TUESDAY, OCTOBER 20, 2020
According to Rutgers, yes: Does Rutgers pay its female professors less?
According to Rutgers, yes!
According to this New York Times news report, the university commissioned a study of the question in 2018. Here's what the study is said to have found:
KRAMER (10/15/20): At Rutgers, a study commissioned in 2018 by the university’s faculty union showed that when adjusted for rank, women who are tenured earned on average about 2 percent less than men. Because women make up only 30 percent of full professors and 20 percent of distinguished professors, the study also examined pay discrepancies among faculty members of different ranks.
We're puzzled by the logic of that second sentence, but let's let that go.
According to the study, tenured women earned two percent less than (tenured?) men—"when adjusted for rank."

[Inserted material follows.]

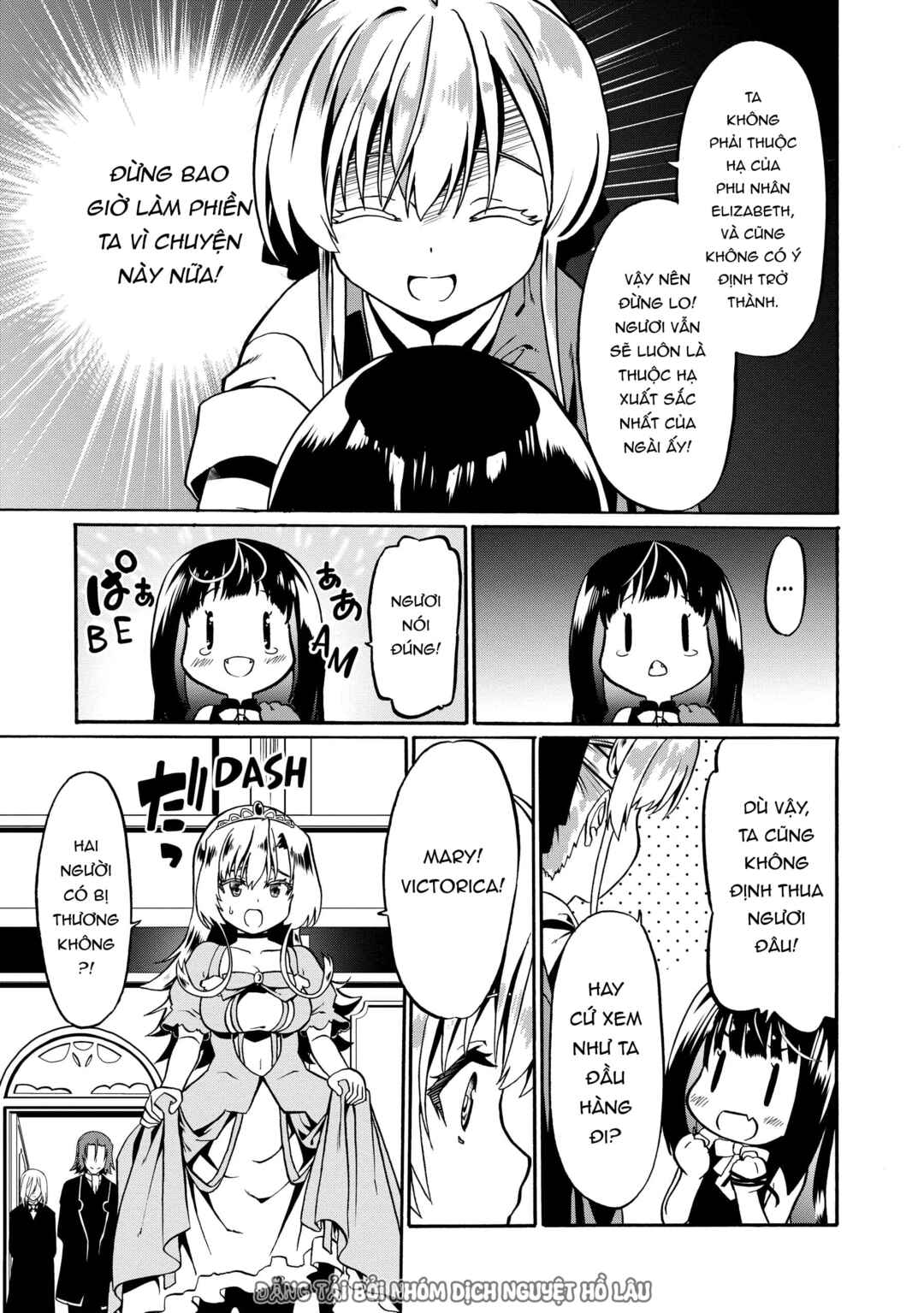 Douyara Watashi no Karada wa Kanzen Muteki no You Desu ne Chapter 42 - Page 9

What does it mean to "adjust for rank?" Based on the somewhat murky report, some Rutgers professors are "full professors," while others are "distinguished professors."
Does every tenured professor fit into one group or the other? We don't know, but that seems to be the matter of "rank" to which the report refers.

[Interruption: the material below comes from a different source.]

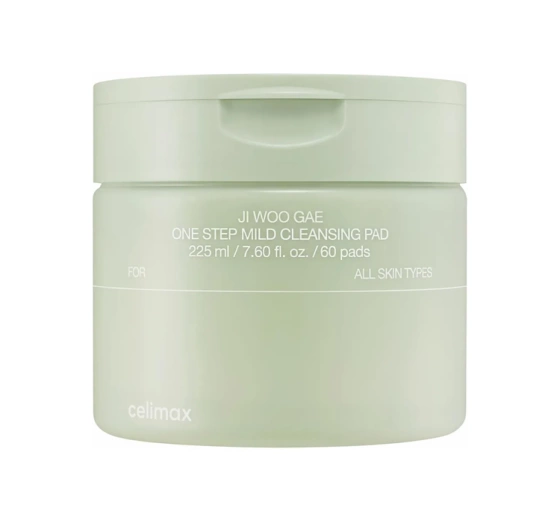 Натисніть на картинку, щоб її збільшити Celimax Ji Woo Gae очищувальні диски для обличчя 60 штук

Among tenured professors, that looks like a rather small wage gap. By the way, was seniority—years of service—figured into the comparison?
The Times report doesn't say. But then, what else is new?

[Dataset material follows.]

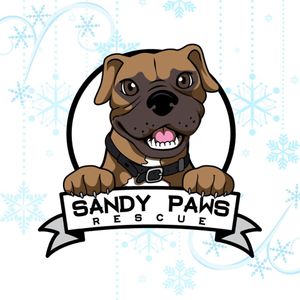 Sandy Paws Rescue Inc. Logo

In that first passage, Jill Kramer reported what the study showed when adjustment was made for rank. In her next paragraph, Kramer reported this:
KRAMER (continuing directly): When rank was eliminated, women’s pay lagged more than 7 percent on average to men’s salaries, according to the study.
Women comprise a smaller percentage of the "distinguished professor" group. Is that because the university's female professors are, on average, younger and/or more recently hired? Or are tenured women, all basic factors being equal, less likely to get rated as "distinguished?"
We have no idea.
Kramer cited results of the study in the context of a news report about lawsuits brought against Rutgers by five female professors. These professors allege that they're being paid less than their male counterparts by what sounds like a set of large amounts.
The liberal world likes to talk about the gender wage gap. We especially like to make claims about this gap which everyone knows to be false.
Stating the obvious, women shouldn't be paid less than comparably qualified men, not even by two percent. But doggone it! When it comes time to examine cases, we tend to get handed lazy journalistic work.